Anyone know what I can do get my cluster back?
Well, I have just checked with my 3.1.1 VM servers and the installation layout has indeed changed. I'd agree that the support engineer is referring to some former ovs-agent installation.
You can check out the ovs stuff in /usr/sbin, but a check check of /usr/sbin/ovs-agent-db didn't reveal anything particular similar to the option that the support engineer referred to. I'd request to escalate the SR up the chain to get some feedback from Oracle.
Wow. I thought this would be an easy one. Maybe things have changed in 3.1.1 so much that the old methods (which surely must exist, I theorize) don't work any more. My Oracle support case on this has not returned any solution either. The node really is totally in limbo, unusable in any way I can see. If I could delete it from VM Manager, I could at least do the traditional Windows solution: re-install from scratch.
With the release of OVM 3.1.1 there have been some cli tools released seperately. Maybe you'll find something in there, that'd help.
On the other hand… if you're able to remove the VM server from the cluster, I'd surely take that route to get it up and running again - it's only a couple of minutes to do so and another couple of minutes to get it into the Cluster again.
I have finally gotten a better response from support, after they decided that, yes, the cleanup_ovs_agent tool isn't there any more with 3.1.1.
Their response was:
Please just try to remove the following directory
After removing it, readd the server and rediscover it on the manager.
Can someone please confirm or deny that removing that directory is a reasonable thing to do?
Also, after removing it, they say to "readd the server" and rediscover it. I have no idea what "readd the server" means, and they (of course) sent me nothing more than what you see above. Anyone know what that means? I have asked for clarification, but that might be another day of waiting.
I removed the /etc/ovs-agent/db directory, rebooted it, and tried to rediscover it.

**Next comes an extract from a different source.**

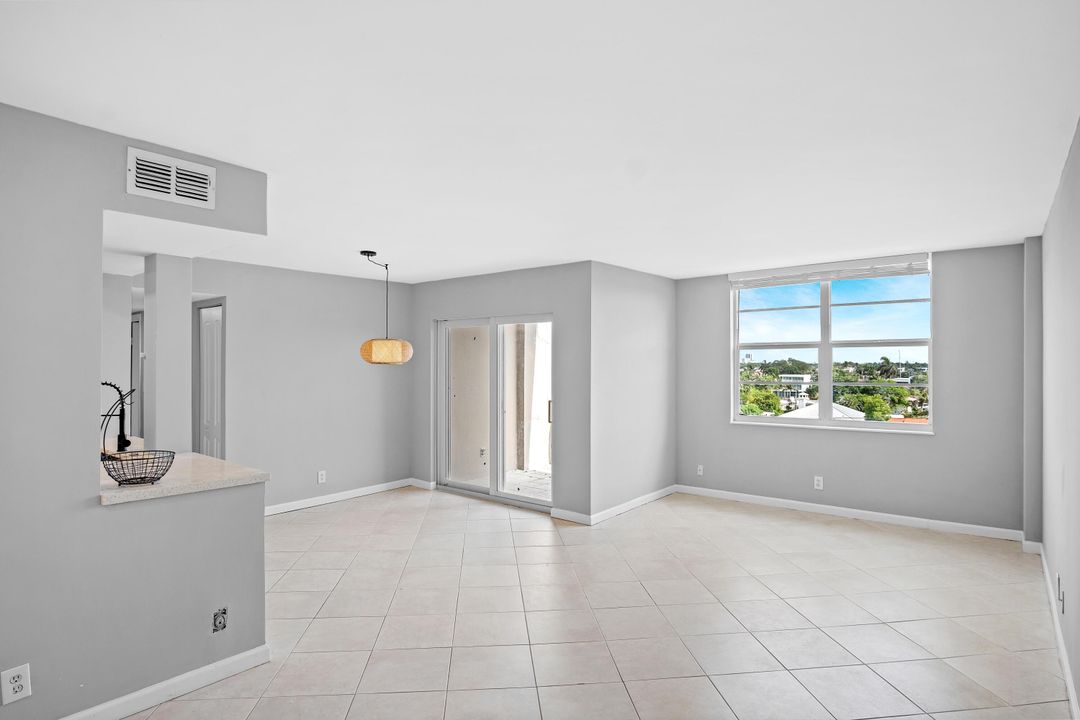 For Sale: $399,000 (2 beds, 2 baths, 1020 Square Feet)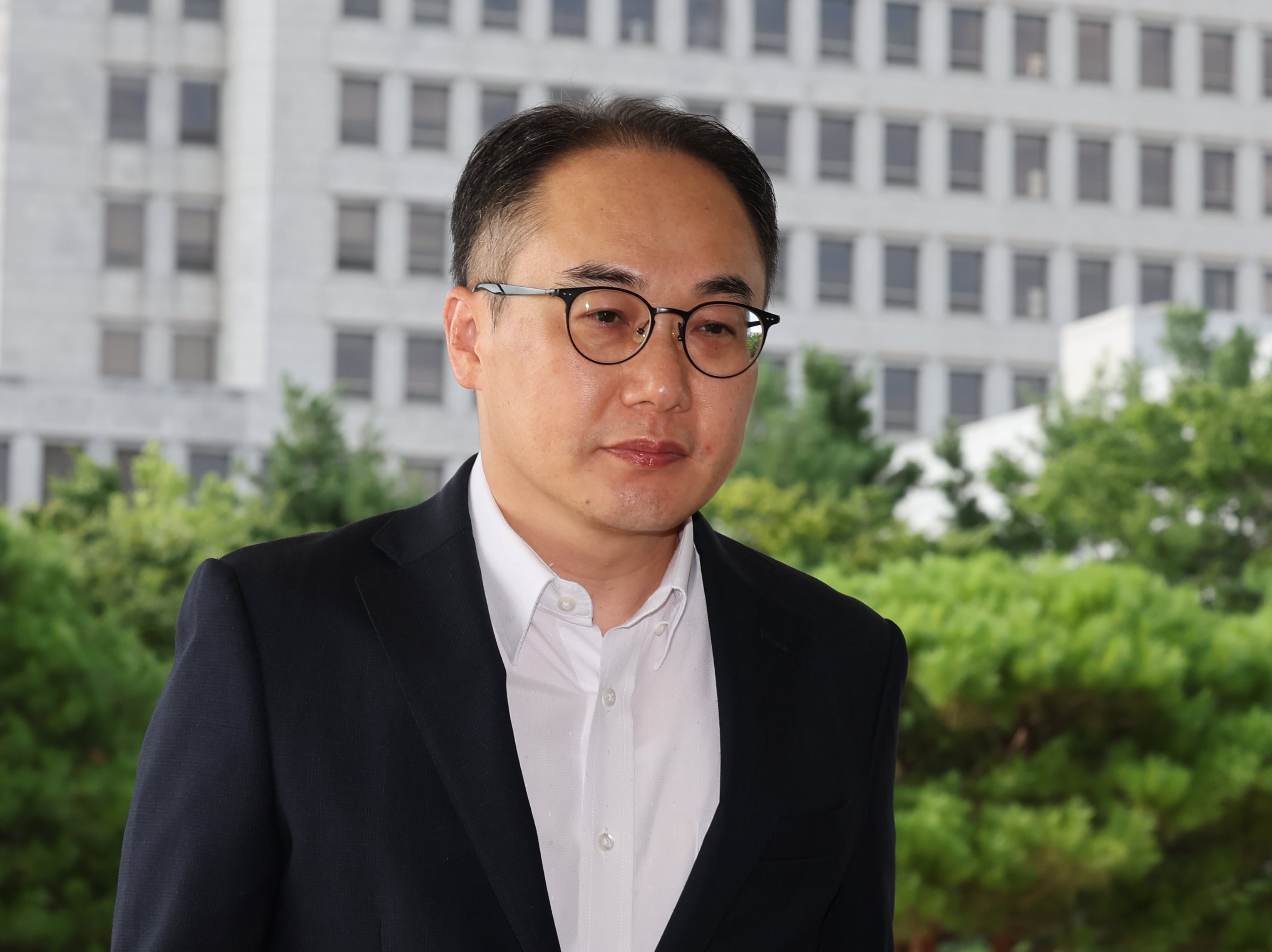 이원석 검찰총장이 7월 16일 오전 서울 서초구 대검찰청으로 출근하고 있다. /뉴스1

That FAILED, and among the messages that came from that, it said:
Job Internal Error (Operation)com.oracle.ovm.mgr.api.exception.IllegalOperationException: If the IP address of this server has changed, please delete the server: toravm1.acbl.net, and re-discover.
Well, the IP address has NOT changed, but I tried to delete the server anyhow (which I had done several times before). That failed, too.
So, the server is still dead...
You've already gone past the point where you might be able to recover from the app interface but for the next time you see something similar:
When I've seen the VM client interface 'freeze' and display various system status icons on both VMs and VM servers that I know are incorrect (like claiming an OVM server is running that I know is powered off), its always been due to an 'in-progress' running job/task that had to be manually aborted via the jobs control pane before the UI would refresh properly, and the control functions like rediscover/start/stop etc would work correctly again.
The first time I saw this I had to basically take our test farm down and rebuild it by an uninstall and reinstall of the OVM manager and associated database. The VM servers themselves seemed to be fine and were able to be rediscovered and added in afterwards. This was not a problem as the system was only a pilot/test at that stage. Obviously this is a critical issue for production, but the remediation step of aborting the hanging 'in-progress' job has worked fine since.
I suppose a fix would be to put appropriate timeouts and other checks around these jobs so they don't run indefinitely while blocking any admin functions from being issued while its running.
Thanks for the input.
I've just about lost all faith that Oracle support can help me on this one. Now, the OTHER VM Server says it's 'hosed'. By that I mean (1) its status says "starting(error)", but it's obviously okay, since I have running, usable VMs on it.
Can you describe the steps to recover a "farm" by re-installing the manager? I guess the first step is to install with the same UUID, right? But then, can I just discover my two servers, and everything comes back - the server pool, networking configs, VMs, and all that?
That may be my only hope.
I'm a bit skeptical about how much value formal support can really offer when it comes to something as bleeding-edge as the 3.1.x OVM branch when they wont have had time to build up anything resembling a robust knowledge-base of use-cases, defects, best practice guides, fault workarounds etc, but still being able to log CSIs is helpful at least.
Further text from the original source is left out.